Nas semanas que se seguiram ao acidente, Palomares parecia o cenário de um filme sobre o apocalipse. Na terra, homens usando roupas de proteção e máscaras azuis manuseavam contadores Geiger para procurar indícios de radiação no solo. Os campos de cultivo foram interditados, e uma safra inteira de tomates apodreceu na plantação. O governo dos Estados Unidos escavou os campos e removeu 1.400 toneladas de terra.

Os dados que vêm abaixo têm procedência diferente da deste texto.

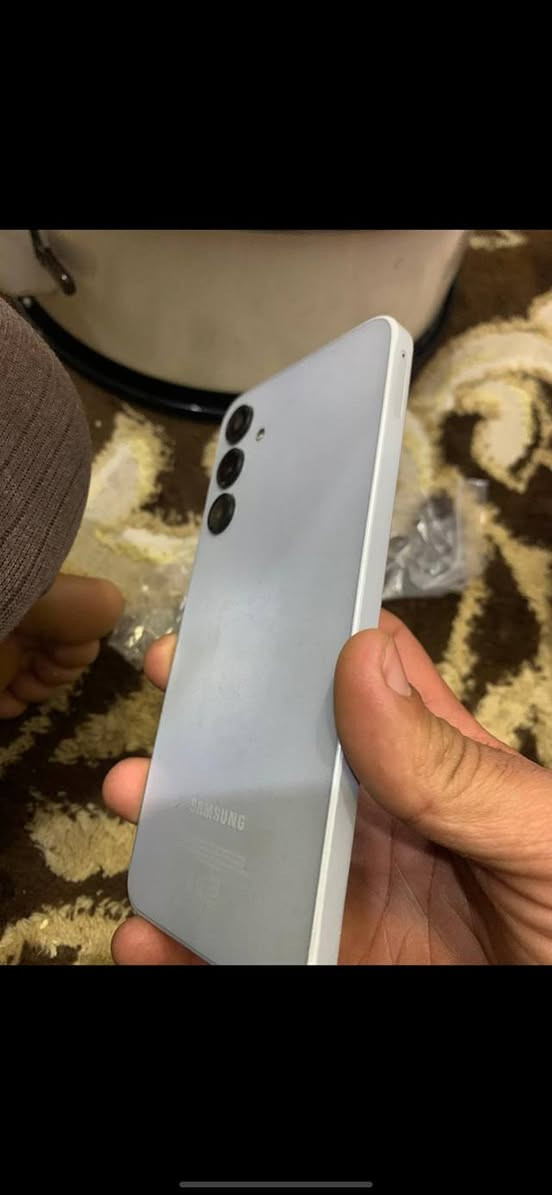 سلام عليكم
كلكسي A16 5G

O solo contaminado foi transportado para os Estados Unidos para ser eliminado. Dezenas de navios de guerra norte-americanos patrulharam a área litorânea na qual um pescador afirmou ter visto a bomba cair na água. A recuperação da bomba nuclear, que estava em uma profundidade de 800 metros, demorou 81 dias. Expressando perplexidade com os acontecimentos na Espanha, um artigo do diário alemão de Hamburgo, “Abendlatt”, disse o seguinte: “Mais do que qualquer cenário hipotético, este incidente deixa claro o que significa atualmente ‘viver com a bomba’”.
A bomba atômica perdida da Groenlândia
A possibilidade de haver uma bomba atômica perdida, e possivelmente danificada, em algum ponto do fundo do mar é realmente terrível. Atualmente a BBC está provocando um rebuliço com o relato da perda de uma bomba atômica norte-americana em 1968. Quando um bombardeiro norte-americano B-52 caiu no gelo ao largo da costa da Groenlândia, os explosivos convencionais das suas bombas detonaram, fazendo com que uma grande área ficasse contaminada com radiação de plutônio. Mas o que o governo dos Estados Unidos manteve em segredo durante décadas foi que o trabalho de reconstrução feito com os componentes das bombas encontrados no local revelou que faltava uma ogiva nuclear. Ao que parece ela perfurou o gelo e submergiu na Baía Estrela do Norte. A bomba jamais foi encontrada.
“A perda de bombas atômicas não é um acontecimento tão raro quanto seria de se esperar. O Departamento de Defesa dos Estados Unidos confirmou a perda de 11 bombas atômicas”, afirma Otfried Nassauer, especialistas em armamentos nucleares e diretor do Centro de Informações sobre Segurança Transatlântica, em Berlim. “Acredita-se que até 50 armas nucleares em todo o mundo tenham sido perdidas durante a Guerra Fria”.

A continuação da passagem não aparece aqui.